▶ _EXERCISE INSTRUCTIONS_:
Return the listing in full and exactly, but without a single picture.

▶ _DATA SECTION_:
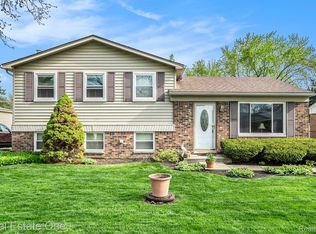 2639 Trailwood Dr, Troy, MI 48083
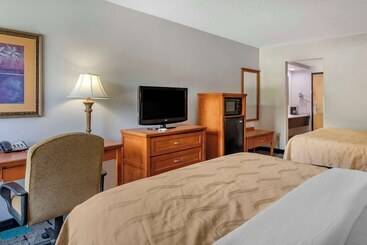 هتل Quality Inn & Suites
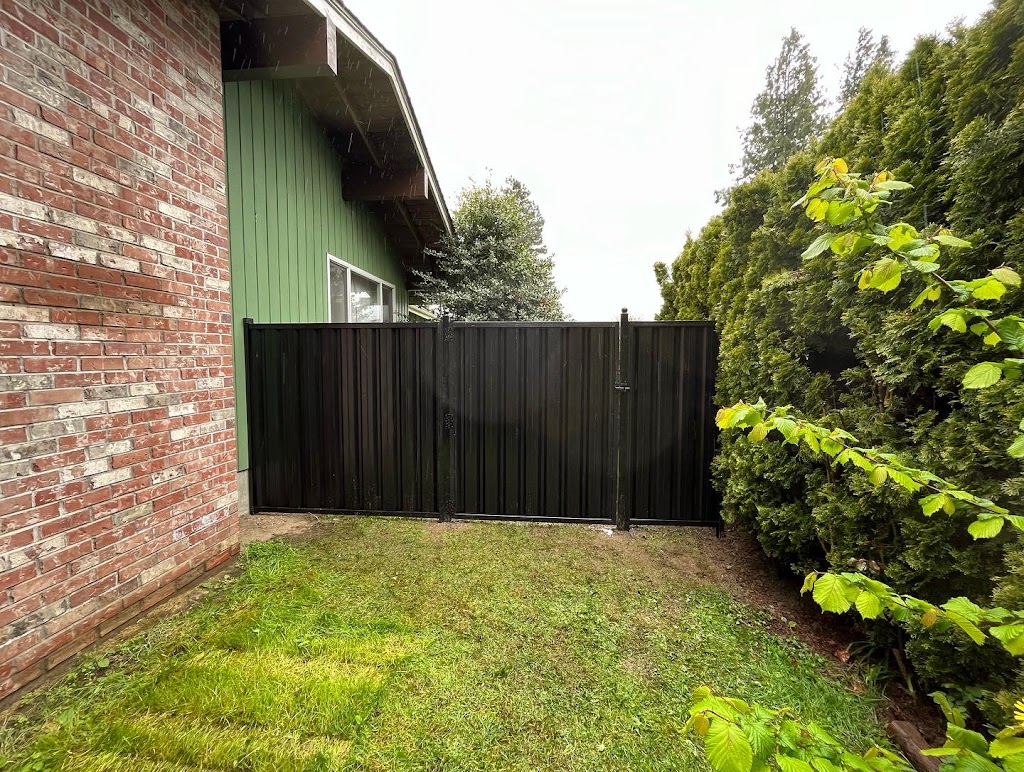 InLine Fencing LTD | 10216 Crystal Dr, Chilliwack, BC V2P 6T8, Canada | Phone: (604) 701-1054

▶ _YOUR RESPONSE_:
 2639 Trailwood Dr, Troy, MI 48083
 هتل Quality Inn & Suites
 InLine Fencing LTD | 10216 Crystal Dr, Chilliwack, BC V2P 6T8, Canada | Phone: (604) 701-1054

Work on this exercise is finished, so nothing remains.